- _INPUT MATERIAL_
········
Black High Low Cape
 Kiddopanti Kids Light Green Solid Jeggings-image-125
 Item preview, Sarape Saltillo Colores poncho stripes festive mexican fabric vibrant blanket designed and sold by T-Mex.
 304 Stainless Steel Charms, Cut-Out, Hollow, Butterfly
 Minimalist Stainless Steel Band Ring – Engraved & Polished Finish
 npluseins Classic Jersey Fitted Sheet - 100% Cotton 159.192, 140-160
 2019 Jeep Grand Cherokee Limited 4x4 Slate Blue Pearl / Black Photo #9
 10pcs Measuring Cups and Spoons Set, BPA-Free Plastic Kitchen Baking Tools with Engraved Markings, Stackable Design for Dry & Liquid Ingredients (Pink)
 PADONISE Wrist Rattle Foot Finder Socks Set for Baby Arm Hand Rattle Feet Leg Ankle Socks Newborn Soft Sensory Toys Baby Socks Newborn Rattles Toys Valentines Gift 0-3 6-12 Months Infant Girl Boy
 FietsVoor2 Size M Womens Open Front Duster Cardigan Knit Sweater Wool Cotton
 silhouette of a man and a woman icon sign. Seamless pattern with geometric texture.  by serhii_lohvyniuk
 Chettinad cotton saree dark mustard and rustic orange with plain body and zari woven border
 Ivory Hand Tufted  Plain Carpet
········
- _YOUR ASSIGNMENT_
Retype the records above exactly.

- _ANSWER SPACE_
Black High Low Cape
 Kiddopanti Kids Light Green Solid Jeggings-image-125
 Item preview, Sarape Saltillo Colores poncho stripes festive mexican fabric vibrant blanket designed and sold by T-Mex.
 304 Stainless Steel Charms, Cut-Out, Hollow, Butterfly
 Minimalist Stainless Steel Band Ring – Engraved & Polished Finish
 npluseins Classic Jersey Fitted Sheet - 100% Cotton 159.192, 140-160
 2019 Jeep Grand Cherokee Limited 4x4 Slate Blue Pearl / Black Photo #9
 10pcs Measuring Cups and Spoons Set, BPA-Free Plastic Kitchen Baking Tools with Engraved Markings, Stackable Design for Dry & Liquid Ingredients (Pink)
 PADONISE Wrist Rattle Foot Finder Socks Set for Baby Arm Hand Rattle Feet Leg Ankle Socks Newborn Soft Sensory Toys Baby Socks Newborn Rattles Toys Valentines Gift 0-3 6-12 Months Infant Girl Boy
 FietsVoor2 Size M Womens Open Front Duster Cardigan Knit Sweater Wool Cotton
 silhouette of a man and a woman icon sign. Seamless pattern with geometric texture.  by serhii_lohvyniuk
 Chettinad cotton saree dark mustard and rustic orange with plain body and zari woven border
 Ivory Hand Tufted  Plain Carpet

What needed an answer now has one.